Neste elenco de escritos “religiosos” de Gilberto Freyre, se assim me é permitido denominar estes registros em que ele analisa especialmente temas a partir de uma visão católico-cristã, merecem ainda especial menção os artigos, reunidos por Edson Nery da Fonseca, no livro Pessoas, Coisas & Animais, na secção Santos e quase santos(21). Fala Gilberto ali de “São Severino do Ramo”, iniciando o artigo dizendo: “Alguém alude há pouco ao fato de que, menino de sete ou oito anos, teria eu ido do Recife ao interior de Pernambuco visitar a igreja de São Severino do Ramo. Talvez para pedir alguma graça ao poderoso santo, hão de concluir os maliciosos. Quando a verdade é que nem em tão remota meninice, nem depois de homem feito, fiz até hoje qualquer viagem para pedir graça de santo ou obséquio de poderoso”. Ao final deste artigo, Freyre diz que o “alferes Severino” não lhe dava ânimo contra o medo do terrível Cabeleira(*). Por isto não lhe fez oração. Mais segurança lhe deu, naquela noite de medo, contra o Cabeleira e outros monstros dos canaviais, a presença de sua mãe e as portas da casa-grande fechadas. E acrescenta: “Rezei mais a Nossa Senhora, pedi a bênção a Papai do Céu e dormi sossegado até o dia seguinte”.

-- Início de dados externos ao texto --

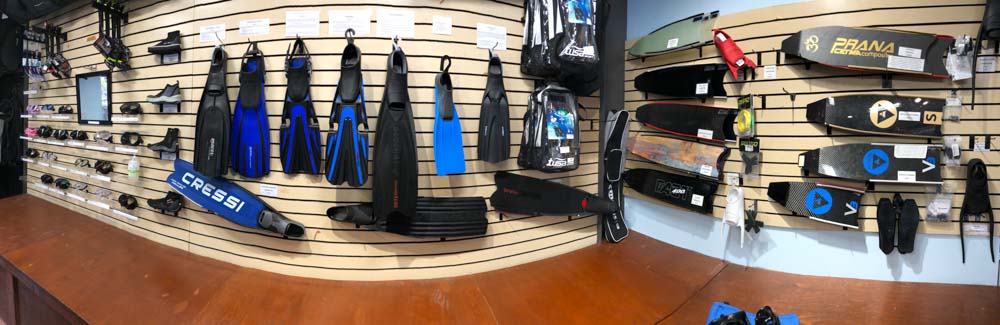 freediving fins and scuba diving fins on display wall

No artigo sobre “Santo Antônio, militar no Brasil”(22), Gilberto Freyre diz que “o culto de Santo Antônio... nos faz esquecer e perdoar o que há de... pouco cristão... nas tradições de algumas confrarias...(e lembra) pelo que há de realmente cristão, democrático, fraternal na verdadeira Igreja e no verdadeiro Cristianismo... A vida, a saúde, a beleza da Igreja Católica, está na diversidade de tendências que à sombra do Papa e em torno dos dogmas se concilia com a unidade magnífica. Está no fato de seus santos serem tão diversos: São Jerônimo, Santo Agostinho, São Tomaz, Santa Teresa de Jesus, Santo Antônio de Lisboa, São Bento, São Francisco de Assis. Está no fato de dentro da Igreja haver dominicanos e franciscanos, padres do Oratório e jesuítas. Está na diversidade de tendências políticas de seus próprios líderes brasileiros, de suas grandes figuras de leigos...”
Em outro artigo, Gilberto mostra uma grande simpatia pelo “padre Ibiapina e suas ‘mães-sinhás’.”(23) Para Gilberto Freyre o Padre Ibiapina foi “uma enorme força moral a serviço da Igreja e do Brasil... Nunca o Brasil precisou tanto como hoje de padres que, ao ideal universalista de católico, à larga simpatia humana de cristãos, reúnam, como Ibiapina reunia, a autenticidade de... brasileiros.”
Neste mesmo conjunto de artigos, publicados no livro Pessoas, Coisas & Animais, Gilberto ainda fala da “Ação e contemplação dos franciscanos”, dos “carmelitas no Brasil”, de “um mundo necessitado de profetas”; de sua amizade com o babalorixá ortodoxo, Pai Adão; e também de “um homem que ‘ seguiu Jesus’: Orlando Dantas”(24).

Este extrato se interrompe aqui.